The stack is an essential data structure for this solution, and here’s why:
A stack helps in maintaining the path. When visiting an airport, we’re not sure if this path will lead to a solution (because it might end up in a dead-end). Hence, pushing the airports to the stack gives us the flexibility to backtrack easily (by popping out the last visited airport) if we reach a dead-end.
When all destinations from an airport are exhausted, it means we have found the end of that particular path. At this moment, by adding the airport to our final result and removing it from the stack, we backtrack to find the remaining itinerary.

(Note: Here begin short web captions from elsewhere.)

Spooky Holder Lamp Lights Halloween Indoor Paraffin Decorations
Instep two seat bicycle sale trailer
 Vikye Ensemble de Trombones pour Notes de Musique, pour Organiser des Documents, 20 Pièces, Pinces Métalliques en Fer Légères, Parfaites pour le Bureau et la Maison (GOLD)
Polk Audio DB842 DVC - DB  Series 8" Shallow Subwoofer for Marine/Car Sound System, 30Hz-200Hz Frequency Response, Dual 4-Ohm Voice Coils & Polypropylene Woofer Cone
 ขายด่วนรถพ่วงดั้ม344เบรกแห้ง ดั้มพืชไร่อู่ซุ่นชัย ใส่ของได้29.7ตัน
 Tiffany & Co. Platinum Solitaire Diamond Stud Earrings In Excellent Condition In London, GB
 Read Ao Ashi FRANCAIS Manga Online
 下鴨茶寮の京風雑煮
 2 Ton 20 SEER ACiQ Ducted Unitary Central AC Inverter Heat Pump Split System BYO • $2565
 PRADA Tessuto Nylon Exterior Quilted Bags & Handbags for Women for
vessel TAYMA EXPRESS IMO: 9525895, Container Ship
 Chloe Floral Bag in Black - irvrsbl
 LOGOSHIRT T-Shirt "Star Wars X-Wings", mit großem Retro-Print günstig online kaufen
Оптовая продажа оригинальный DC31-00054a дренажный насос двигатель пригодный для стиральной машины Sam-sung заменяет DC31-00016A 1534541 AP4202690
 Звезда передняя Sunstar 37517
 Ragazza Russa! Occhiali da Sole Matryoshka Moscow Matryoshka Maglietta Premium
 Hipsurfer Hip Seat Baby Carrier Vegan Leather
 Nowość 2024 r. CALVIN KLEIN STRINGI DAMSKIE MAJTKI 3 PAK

The graph for this solution is a dictionary (specifically, a defaultdict for ease of handling non-existing keys). The keys of this dictionary are the source airports, and the values are a list of destination airports. Importantly, these destinations are sorted in reverse lexicographical order because we will be utilizing the pop() function to retrieve and remove the last element from these lists. This ensures that we always get the smallest lexical destination available without any extra computational overhead.
Steps
- Convert the given list of tickets into a graph where each node (airport) points to a list of its destinations.
- Sort the destinations in reverse lexicographical order to aid in retrieving the smallest lexical order when using pop().
- Use a stack to iteratively traverse the graph, always trying to go to the smallest lexical destination possible.
- When stuck at a node (airport) with no unvisited outbound paths, add it to the final itinerary.
- Continue the process until the stack is empty.
Solution
from collections import defaultdict
def findItinerary(tickets):
graph = defaultdict(list) # Convert tickets into a graph with destinations for each departure
for src, dest in sorted(tickets, reverse=True):
graph[src].append(dest)
stack = ["JFK"]
result = []
while stack: # Traverse the graph using the stack
while graph[stack[-1]]:
stack.append(graph[stack[-1]].pop())
result.append(stack.pop())
return result[::-1] # The result will be in reverse order
# because of the way nodes are added to the result